Thursday, January 14, 2010

Mark Strand Black Sea

Black Sea by Marky Strand


One clear night while the others slept, I climbed
the stairs to the roof of the house and under a sky
strewn with stars I gazed at the sea, at the spread of it,
the rolling crests of it raked by the wind, becoming
like bits of lace tossed in the air. I stood in the long
whispering night, waiting for something, a sign, the approach
of a distant light, and I imagined you coming closer,
the dark waves of your hair mingling with the sea,
and the dark became desire, and desire the arriving light.
The nearness, the momentary warmth of you as I stood
on that lonely height watching the slow swells of the sea
break on the shore and turn briefly into glass and disappear ...
Why did I believe you would come out of nowhere? Why with all
that the world offers would you come only because I was here?

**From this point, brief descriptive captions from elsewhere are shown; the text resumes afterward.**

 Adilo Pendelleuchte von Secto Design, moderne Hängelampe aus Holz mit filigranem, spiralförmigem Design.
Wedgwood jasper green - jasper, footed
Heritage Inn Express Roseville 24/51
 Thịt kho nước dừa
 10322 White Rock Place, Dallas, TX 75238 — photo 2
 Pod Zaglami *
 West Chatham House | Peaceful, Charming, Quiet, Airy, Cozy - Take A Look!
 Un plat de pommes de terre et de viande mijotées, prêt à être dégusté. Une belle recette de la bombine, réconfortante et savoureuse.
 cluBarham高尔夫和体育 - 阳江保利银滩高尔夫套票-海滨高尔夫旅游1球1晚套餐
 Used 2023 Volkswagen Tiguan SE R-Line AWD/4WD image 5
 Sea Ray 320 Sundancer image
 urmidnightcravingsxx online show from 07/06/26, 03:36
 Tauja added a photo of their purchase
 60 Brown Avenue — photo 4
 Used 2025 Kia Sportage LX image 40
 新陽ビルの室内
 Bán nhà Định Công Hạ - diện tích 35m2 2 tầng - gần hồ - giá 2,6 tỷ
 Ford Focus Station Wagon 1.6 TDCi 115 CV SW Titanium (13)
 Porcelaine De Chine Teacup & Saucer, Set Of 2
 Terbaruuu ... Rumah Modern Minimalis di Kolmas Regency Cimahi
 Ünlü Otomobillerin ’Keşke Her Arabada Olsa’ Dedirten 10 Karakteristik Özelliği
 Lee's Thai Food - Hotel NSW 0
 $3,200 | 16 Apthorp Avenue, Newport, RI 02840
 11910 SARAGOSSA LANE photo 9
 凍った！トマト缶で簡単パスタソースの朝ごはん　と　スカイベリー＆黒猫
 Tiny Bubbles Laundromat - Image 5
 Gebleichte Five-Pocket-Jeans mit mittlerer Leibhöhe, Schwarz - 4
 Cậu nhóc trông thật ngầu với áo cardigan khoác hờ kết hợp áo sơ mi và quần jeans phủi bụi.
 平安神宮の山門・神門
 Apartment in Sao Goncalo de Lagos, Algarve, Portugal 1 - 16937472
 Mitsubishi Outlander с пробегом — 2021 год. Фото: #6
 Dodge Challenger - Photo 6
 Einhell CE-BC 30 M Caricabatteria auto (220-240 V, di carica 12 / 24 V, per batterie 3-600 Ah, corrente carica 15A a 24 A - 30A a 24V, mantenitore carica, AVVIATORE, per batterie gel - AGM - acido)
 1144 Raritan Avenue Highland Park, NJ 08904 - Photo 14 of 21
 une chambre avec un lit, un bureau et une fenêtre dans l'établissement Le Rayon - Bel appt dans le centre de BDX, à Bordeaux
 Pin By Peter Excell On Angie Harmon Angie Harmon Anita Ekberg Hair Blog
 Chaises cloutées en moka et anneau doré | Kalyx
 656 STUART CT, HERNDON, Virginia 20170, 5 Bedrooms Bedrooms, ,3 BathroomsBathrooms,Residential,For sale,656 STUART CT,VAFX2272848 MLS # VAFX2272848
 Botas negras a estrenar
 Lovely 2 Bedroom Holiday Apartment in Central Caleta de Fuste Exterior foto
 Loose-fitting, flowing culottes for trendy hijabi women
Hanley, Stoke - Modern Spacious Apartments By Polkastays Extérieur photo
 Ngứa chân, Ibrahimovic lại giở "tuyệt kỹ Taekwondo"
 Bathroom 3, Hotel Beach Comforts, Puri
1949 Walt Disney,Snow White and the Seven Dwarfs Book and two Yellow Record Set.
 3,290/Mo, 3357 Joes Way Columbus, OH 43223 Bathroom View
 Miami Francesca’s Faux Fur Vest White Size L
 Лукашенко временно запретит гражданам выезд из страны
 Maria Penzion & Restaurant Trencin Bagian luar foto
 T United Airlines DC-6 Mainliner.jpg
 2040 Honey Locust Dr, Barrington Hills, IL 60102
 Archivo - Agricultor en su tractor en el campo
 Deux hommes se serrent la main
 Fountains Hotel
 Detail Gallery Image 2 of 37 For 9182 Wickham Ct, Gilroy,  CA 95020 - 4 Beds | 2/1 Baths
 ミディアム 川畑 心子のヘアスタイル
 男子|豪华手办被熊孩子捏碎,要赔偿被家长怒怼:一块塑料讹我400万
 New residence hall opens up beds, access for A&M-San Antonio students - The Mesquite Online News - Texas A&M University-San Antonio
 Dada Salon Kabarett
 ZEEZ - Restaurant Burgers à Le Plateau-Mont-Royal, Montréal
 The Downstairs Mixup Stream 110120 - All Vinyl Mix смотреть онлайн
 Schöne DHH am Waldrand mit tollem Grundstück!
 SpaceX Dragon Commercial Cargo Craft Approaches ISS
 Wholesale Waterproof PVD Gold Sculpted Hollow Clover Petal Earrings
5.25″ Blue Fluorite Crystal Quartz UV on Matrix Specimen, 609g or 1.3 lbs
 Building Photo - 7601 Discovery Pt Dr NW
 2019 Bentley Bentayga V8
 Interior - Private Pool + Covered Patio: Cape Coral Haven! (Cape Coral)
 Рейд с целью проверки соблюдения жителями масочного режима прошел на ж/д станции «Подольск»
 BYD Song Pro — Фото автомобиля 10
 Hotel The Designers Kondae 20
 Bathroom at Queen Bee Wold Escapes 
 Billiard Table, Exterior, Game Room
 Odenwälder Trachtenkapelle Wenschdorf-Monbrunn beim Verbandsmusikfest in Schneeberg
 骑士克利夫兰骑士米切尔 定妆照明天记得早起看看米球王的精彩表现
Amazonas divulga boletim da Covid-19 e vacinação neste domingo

This is a more sensative poem. It permeates a man's heart when it desires one it can not have. He uses his infatuation with nature's beaty and the body's natural state to describe this woman whose hair is like the drak waves crashing in the night. Her darkness and ambiguity became his passion and his passion dorve him into a trance till sunrise. Her darkness became his passion until light. His desire is the passion he wants but in his hand. He wants her, the darkness, the passion, the light, his love to come to him to prove his worth. This level of testosterone is surprising for a poet. This display of wanting something simply so the result proves ones worth is present in many and reveals Strand's insecuirities or at least his depiction of the human insecurity that is fragile as glass and changing as the ocean. It is human nature and nature is human.